Inflammation has a major role in coronary artery disease89. Immune cells are involved in the development of atherosclerotic plaques and the transformation from stable to vulnerable plaque morphology89. In MI, inflammatory cells and mediators are involved in erosion and rupture of the atherosclerotic plaque89. In addition, inflammation in the setting of systemic disease, including obesity and hypertension, and ischaemia can cause electrical and structural remodelling of the atria, leading to AF90 (Fig. 2). In turn, AF might also promote inflammation, but the underlying mechanisms are poorly understood90.
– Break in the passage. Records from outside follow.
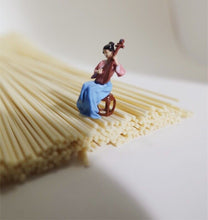 Load image into Gallery viewer, 1:64 Painted Figure Model Miniature Resin Diorama Sand Antiquities Pipa Guzheng
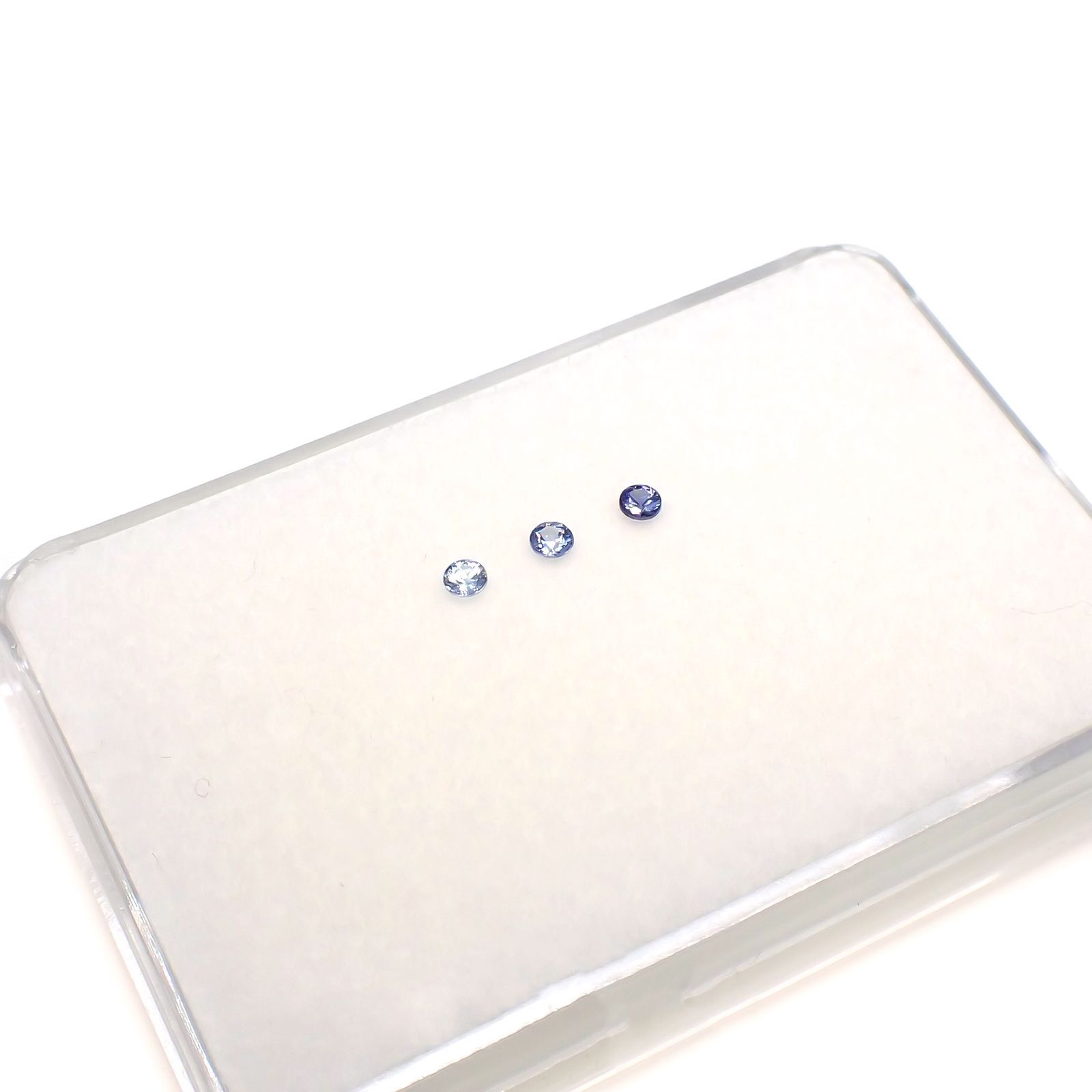 ベニトアイト カラーグラデーション3pcsセット アメリカ・カリフォルニア州産 0.16ct(3pcs合計)[230220507]2.2x2.2mm前後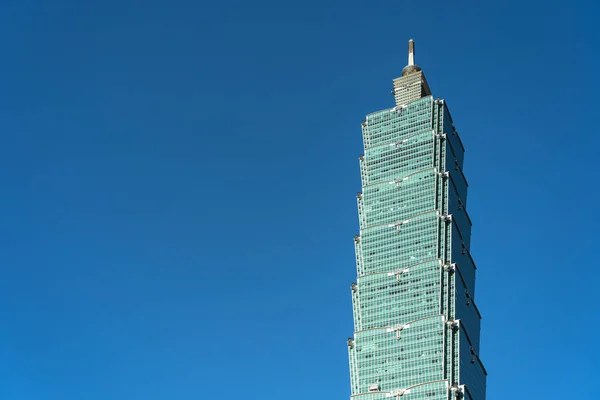 Taipei 101 rascacielos edificio vista de cerca sobre el cielo azul oscuro. anteriormente conocido como el Taipei World Financial Center. Un rascacielos superalto emblemático en el distrito de Xinyi, Taipéi, Taiwán —  Fotos de Stock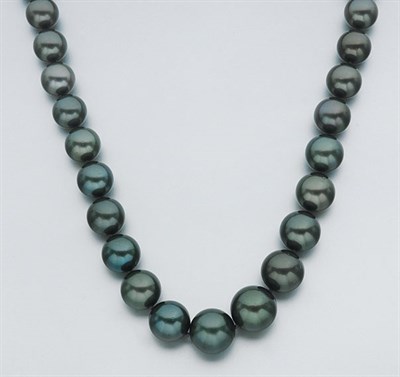 Lot 151 - Black Cultured Pearl Necklace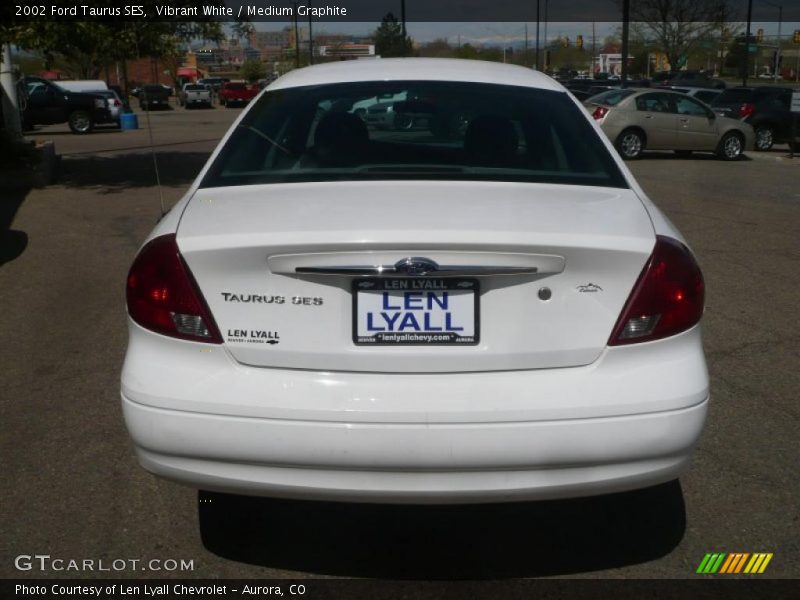 Vibrant White / Medium Graphite 2002 Ford Taurus SES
Increased systemic levels of inflammatory markers, such as IL-6 and C-reactive protein, are associated with incident AF81 and MI82,83. In a Mendelian randomization study, a causal link was found between levels of circulating interleukins and both AF and coronary artery disease91. In patients with AF, biomarkers of inflammation and platelet activation are independent predictors of cardiovascular events, including MI92,93. Furthermore, markers of oxidative stress and inflammation are associated with AF in the setting of AMI94,95.

In the CANTOS trial96, anti-inflammatory therapy in patients with previous MI was associated with a reduced risk of recurrent MI. Whether treatment with anti-inflammatory drugs reduces incident or recurrent AF is unclear. The use of colchicine, prednisolone and canakinumab in the treatment and prevention of AF has been reviewed previously97. In small studies, these drugs tended to have beneficial effects, but larger trials are warranted to validate these findings97.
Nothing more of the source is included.